第8章 ◆Tresor(神田/マリ×ミランダ)
架空の存在だと笑うだろうか。
「ヒーロー…?」
そう予想していた少女の反応は違った。
「それって…スーパーマンっ?」
驚きで丸くなるオーシャンブルーの二つの瞳。
弾んだ声は疑っているようには見られない。
そんな純粋な心を前にして、ティエドールはくすりと微笑み頷いた。
「みたいなものかもしれないねぇ」
「じゃあ…バットマンだったりっ?」
「ああ、似たような仲間ならいるよ」
「ほんとっ? キャットウーマンはっ?」
「どうだろうね。女性のヒーローならいるよ」
「スパイダーマンもっ?」
「うーん…そうだね。蜘蛛の糸ではないけれど、似た武器を持った仲間ならいるかなぁ」
次々と弾んだ声で問いかけてくる少女に、ついついティエドールも真剣に答えてしまった。

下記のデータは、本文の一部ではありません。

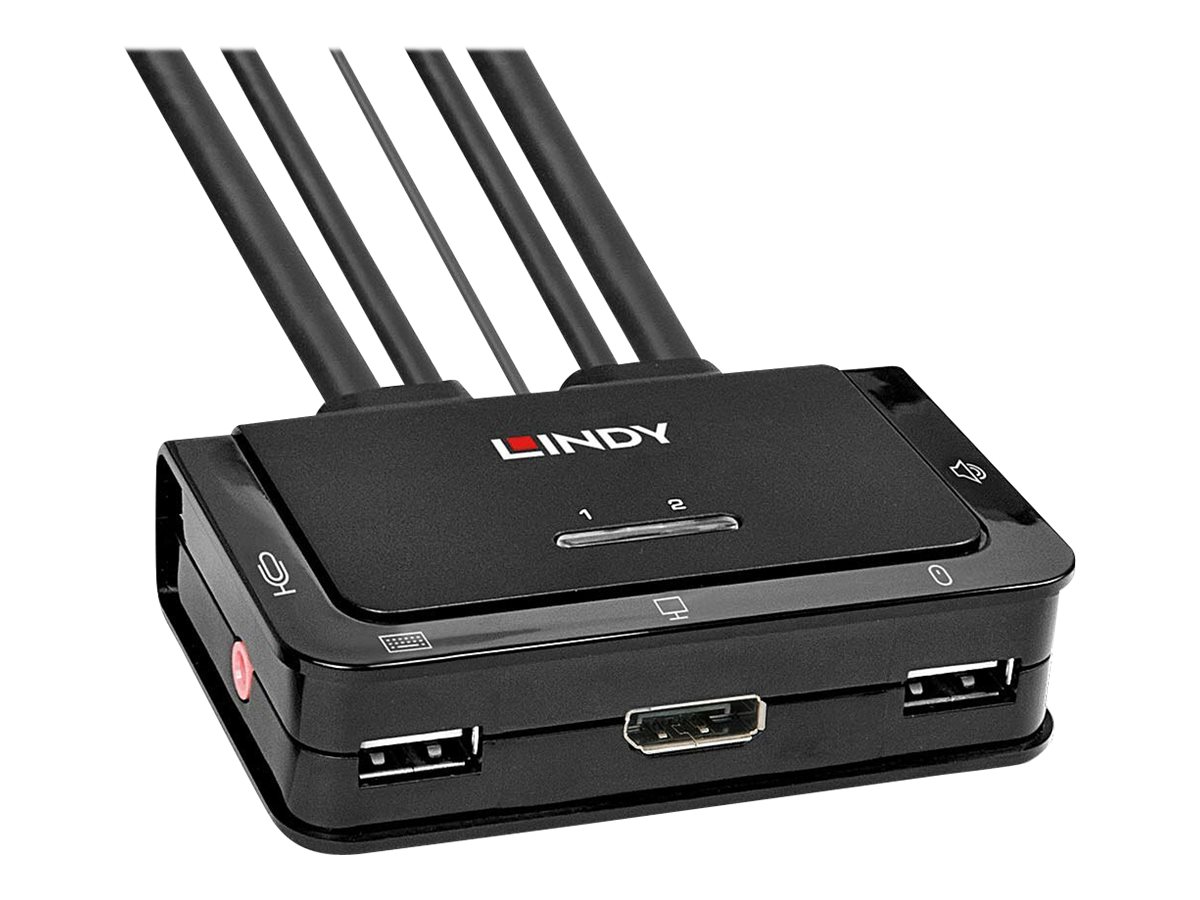 Lindy 2 Port DisplayPort 1.2, USB 2.0 & Audio Cable KVM Switch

目を輝かせて信じているものだから、つい楽しくなって。
"正義"と言えるかどうかはわからないが、確かに守るべきものの為に戦っている。
そんなエクソシスト達はある意味"ヒーロー"と謳われても良いものかもしれない。
「おじさん、すごい人なんだ…!」
「はは、ありがとう」
両手の拳を握って声を上げる少女に、少しばかり照れ臭さが混じる。
少女が名を挙げた、アメリカンコミックに載っている数々のヒーロー達。
彼らもエクソシストと同様、一銭の得にもならないことをしているが、きっとこんな期待と尊敬に満ちた目を人々から向けられているのだろう。
そしてそれだけで悪と戦えている。
なんとも見習いたくなるような、惚れ惚れする姿だ。
こうして無垢な少女が憧れるのも無理はない。
「でも、それなら大変だね」
「ん?」
しかしそこに続いたのは弾んだ声ではなく、少し萎んだ声。
目に見えて眉を下げて哀しそうな顔をする少女に、何事かと今度はティエドールが目を丸くした。
「なんで大変なんだい?」
「だって…ヒーローは、いつも悪と戦ってなきゃいけないから」
「…それは確かに大変だ」
まさかそんな答えが返ってくるとは。
見た目は9歳程の少女。
夢だけ見ている歳でもないのだろう。
ティエドール思わず成程、と感心した。